■ Collected data ■
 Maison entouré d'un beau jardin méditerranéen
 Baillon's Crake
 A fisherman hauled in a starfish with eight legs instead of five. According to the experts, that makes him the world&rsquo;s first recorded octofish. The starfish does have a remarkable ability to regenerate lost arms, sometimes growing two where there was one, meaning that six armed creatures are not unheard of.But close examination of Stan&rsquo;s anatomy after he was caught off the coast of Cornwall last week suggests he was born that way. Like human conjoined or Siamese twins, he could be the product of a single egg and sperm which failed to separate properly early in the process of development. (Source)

■ Exercise instructions ■
Would you write the material out again, exactly as given above?

■ Exercise answer ■
 Maison entouré d'un beau jardin méditerranéen
 Baillon's Crake
 A fisherman hauled in a starfish with eight legs instead of five. According to the experts, that makes him the world&rsquo;s first recorded octofish. The starfish does have a remarkable ability to regenerate lost arms, sometimes growing two where there was one, meaning that six armed creatures are not unheard of.But close examination of Stan&rsquo;s anatomy after he was caught off the coast of Cornwall last week suggests he was born that way. Like human conjoined or Siamese twins, he could be the product of a single egg and sperm which failed to separate properly early in the process of development. (Source)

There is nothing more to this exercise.